This is for the “In Law Caretakers”

2015-12-29 12.56.31.jpgThe real family wants the stuff when she gone and that’s fine.  Those artifacts where a part of their childhood memories, relics of their life.  I sometimes just hope I can keep a pair of socks; the hospital socks with the grips we keep after every time she has a hospital stay.  Maybe I’ll wear them and think of her, but I won’t.  She has a foot fungus and I think no matter how many washes I’ll always be a little sceeved.  But that’s the intimacy I shared with her that some of her family did not.  And that’s good.  I’m lucky.

Perhaps when she’s ill and you need to take time off your principal or boss will say:  “Well, she’s not your grandmother.”  (This actually happened to a friend of mine when she needed time off for her fiancee’s father’s funeral!)

When you say:  “She’s getting tired and should head home,” and a family members says: “She doesn’t look tired,” and this dig matters because it’s about her health and well-being, not only personally insulting in its distrust and wrong.

Maybe a well intentioned spouse will tell you that this isn’t really your job and that will ache painfully because you know how much whatever amount of help you’ve been able to give means to you.

When they are gone you will feel loss and tell yourself it’s not the same magnitude.  But it will suck.  And you might feel a duty to submerge it and help the people you feel are hurting more.

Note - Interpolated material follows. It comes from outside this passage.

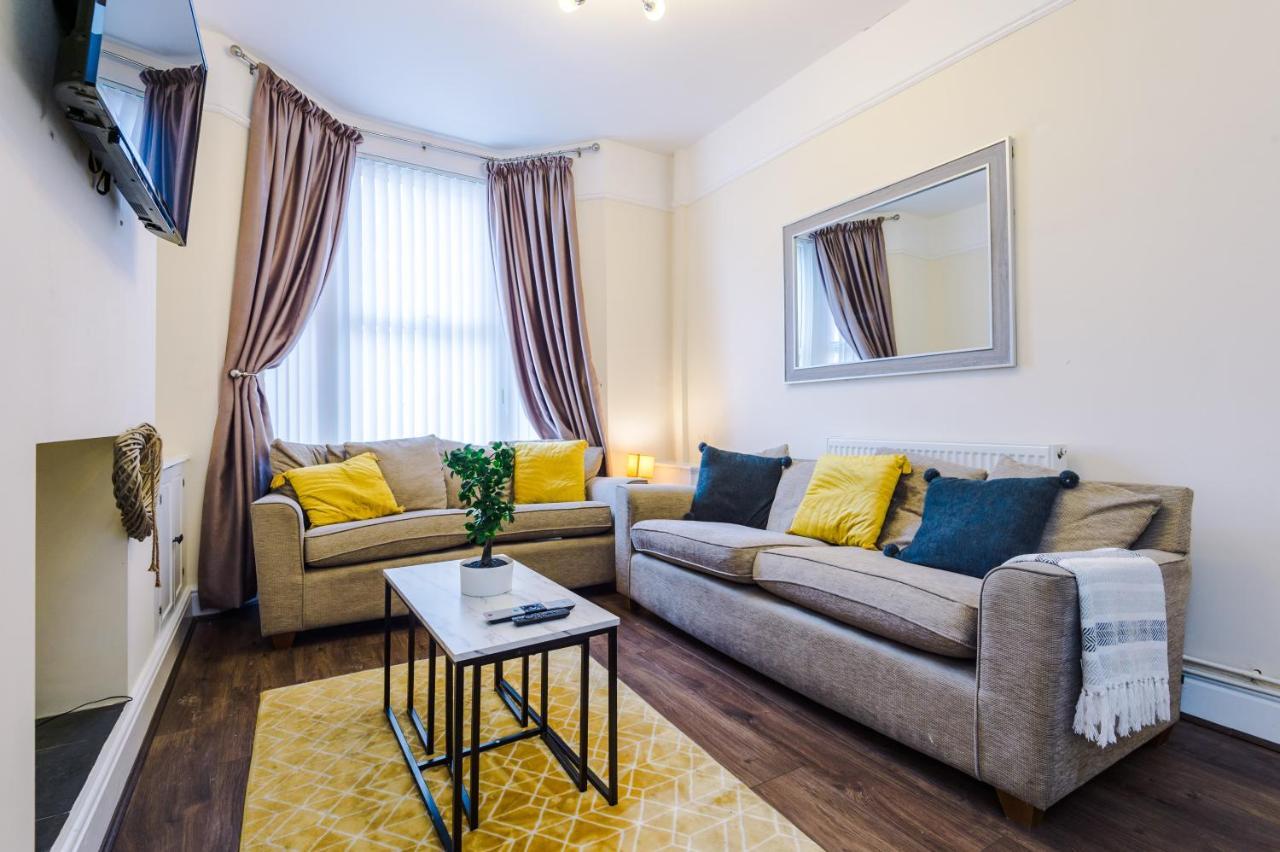 Finchley House Lovely House In Anfield, 2 Minutes Walk From The Stadium, Parking And Wifi Villa Liverpool Buitenkant foto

I hope when that times comes others will understand better than I the magnitude of my grief.  I hope they will help me understand that my job is to be comforted as well as a comfort to others.

5 Comments Add yours

  1. This is very touching and hits the nail on the head for many caregivers. When a caregiver isn’t family or isn’t the spouse, people don’t always recognize the caregiver’s grief when the person passes. It’s called disenfranchised grief; grief can be just as painful for the non-related caregiver but the support is often lacking. I know how that neglect of your feelings adds to the mourning.

    Liked by 1 person

    1. Well, thank you very much. I didn’t know it had a name but it certainly fits! Thank you for your support!

      Liked by 1 person

  2. lbeth1950 says:

    You are both so blessed to have this relationship.

    Like

    1. And I’m doubly blessed to know it. I’m very thankful.

      Liked by 2 people

  3. Jaymie says:

    I know the ache and I cannot figure out a way to shield myself from, in my case, the slow grief. I am grieved by the process and by the realization that some of us are caretakers and invest more heavily regardless of bloodlines. You are correct that we get to carry the full experience forward. I’m thankful for the depth of the life offered and to find that there are other people that understand. Peace to your heart for the journey.